## Problem requirements
Go to the line in the data below that contains "A small banana". Write it out exactly, along with every later line through the last, and nothing else.

## Data
------------------------
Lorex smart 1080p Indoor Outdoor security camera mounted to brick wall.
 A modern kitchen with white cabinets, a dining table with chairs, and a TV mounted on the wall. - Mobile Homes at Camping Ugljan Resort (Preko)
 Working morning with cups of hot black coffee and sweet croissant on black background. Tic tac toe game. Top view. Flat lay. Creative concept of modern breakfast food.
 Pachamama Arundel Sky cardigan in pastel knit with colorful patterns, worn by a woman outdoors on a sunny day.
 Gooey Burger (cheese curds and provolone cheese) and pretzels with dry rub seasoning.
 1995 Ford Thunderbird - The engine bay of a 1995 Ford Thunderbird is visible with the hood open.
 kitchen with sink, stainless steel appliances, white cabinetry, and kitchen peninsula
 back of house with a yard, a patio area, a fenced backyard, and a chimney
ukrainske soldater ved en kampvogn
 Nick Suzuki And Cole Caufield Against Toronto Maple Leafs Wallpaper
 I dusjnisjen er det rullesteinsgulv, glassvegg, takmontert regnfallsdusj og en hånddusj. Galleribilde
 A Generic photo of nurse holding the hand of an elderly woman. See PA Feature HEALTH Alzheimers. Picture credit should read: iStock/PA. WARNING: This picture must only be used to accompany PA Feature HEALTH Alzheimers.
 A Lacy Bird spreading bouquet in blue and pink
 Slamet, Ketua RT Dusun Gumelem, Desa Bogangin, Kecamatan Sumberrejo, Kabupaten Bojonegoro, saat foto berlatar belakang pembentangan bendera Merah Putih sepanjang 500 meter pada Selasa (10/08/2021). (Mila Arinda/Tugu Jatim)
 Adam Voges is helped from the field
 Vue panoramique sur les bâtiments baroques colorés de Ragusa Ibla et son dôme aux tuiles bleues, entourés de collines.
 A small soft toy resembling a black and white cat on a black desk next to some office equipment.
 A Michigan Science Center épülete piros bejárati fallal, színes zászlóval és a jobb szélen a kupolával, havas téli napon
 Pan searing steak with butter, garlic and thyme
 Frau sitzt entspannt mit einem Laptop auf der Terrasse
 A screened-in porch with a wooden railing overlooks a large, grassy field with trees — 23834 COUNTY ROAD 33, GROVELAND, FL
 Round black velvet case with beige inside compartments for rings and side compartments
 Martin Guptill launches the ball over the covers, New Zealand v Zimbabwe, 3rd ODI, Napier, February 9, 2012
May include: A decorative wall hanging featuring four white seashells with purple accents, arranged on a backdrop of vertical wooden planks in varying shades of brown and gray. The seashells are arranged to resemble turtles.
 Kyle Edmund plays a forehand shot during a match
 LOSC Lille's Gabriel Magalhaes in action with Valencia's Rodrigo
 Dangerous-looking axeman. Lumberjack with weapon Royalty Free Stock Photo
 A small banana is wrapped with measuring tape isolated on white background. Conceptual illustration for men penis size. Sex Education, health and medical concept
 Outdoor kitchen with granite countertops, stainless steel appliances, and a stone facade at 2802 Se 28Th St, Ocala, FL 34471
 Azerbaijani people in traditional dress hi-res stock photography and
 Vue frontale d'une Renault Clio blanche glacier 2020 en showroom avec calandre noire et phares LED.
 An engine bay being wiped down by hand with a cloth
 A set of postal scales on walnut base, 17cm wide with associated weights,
------------------------
## Answer section
 A small banana is wrapped with measuring tape isolated on white background. Conceptual illustration for men penis size. Sex Education, health and medical concept
 Outdoor kitchen with granite countertops, stainless steel appliances, and a stone facade at 2802 Se 28Th St, Ocala, FL 34471
 Azerbaijani people in traditional dress hi-res stock photography and
 Vue frontale d'une Renault Clio blanche glacier 2020 en showroom avec calandre noire et phares LED.
 An engine bay being wiped down by hand with a cloth
 A set of postal scales on walnut base, 17cm wide with associated weights,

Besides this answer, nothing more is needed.